Really Big Numbers and Early Retirement in Germany

July 01, 2014

The NYT had an article about a plan to allow some workers in Germany to retire early and collect full benefits from their version of Social Security. According to the article, workers who have paid into the system for 45 years will be able to start collecting full benefits at age 63 instead of the standard age of 65. (This is being raised to 67, as is the case in the United States.)

While the piece provides interesting background about the economic and political context for this decision, it gives no context for the numbers in the piece, which will therefore be meaningless to the overwhelming majority of NYT readers. For example, it tells readers that 6,000 workers have already applied for early benefits and that 200,000 are projected to be eligible. It is unlikely that many readers have a good sense of how large these numbers are relative to Germany’s workforce. (According to the OECD, employment in Germany is roughly 40 million. This means that the 6,000 current applicants amount to 0.015 percent of total employment. If all 200,000 eligible workers took advantage of early retirement it would be equal to 0.5 percent of total employment.)

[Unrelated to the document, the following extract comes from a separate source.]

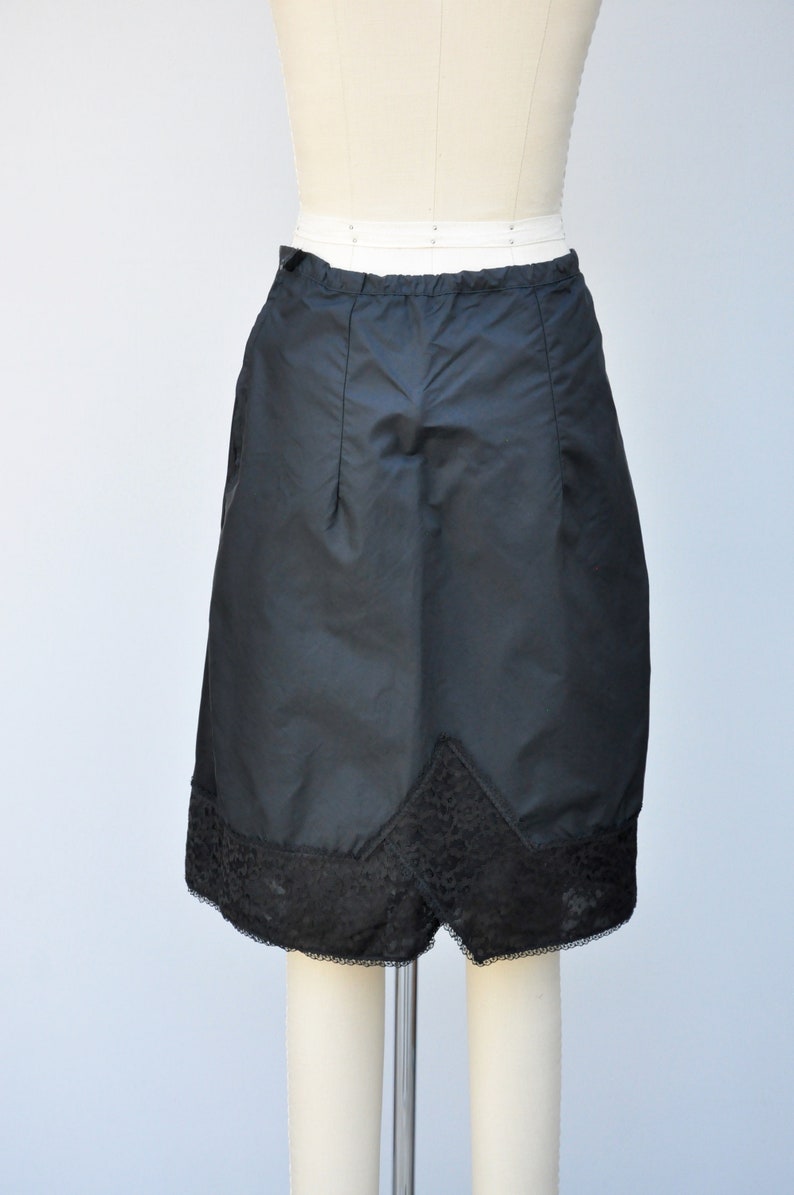 Under Skirt 50s Floral LACE Half Slip Black Slip Goth Pin Up XS S Floral Details Skirt Slip Sheer Slip Mid Century 50s 60s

The piece later tells readers:

“The costs of the early retirement, estimated to grow over the next decade to €3 billion from about €1 billion, or to $4.1 billion from $1.4 billion.”

It is unlikely that many readers have much sense of how important 1 billion euros is to Germany’s budget today or how important 3 billion euros will be a decade from now. Germany’s current budget is roughly 1.3 trillion euros, which means that the cost of early retirement is roughly 0.08 percent of current spending. The projected 3 billion euro cost would be roughly 0.18 percent of projected spending.

It should have been a simple matter for the paper to put these numbers in a context that would make them understandable to readers, instead of just putting in numbers that will be almost meaningless to everyone who reads them. The paper’s Public Editor Margaret Sullivan made this point herself last fall and apparently got agreement from the NYT editors. Yet, for some reason practices seem not to have changed.

This is getting almost like the Twilight Zone. We have a journalistic practice that everyone agrees is wrong, that is easy to change, but nonetheless persists. What is going on here?

 

Note: this piece was corrected to say “full benefits.” Thanks DC Analyst.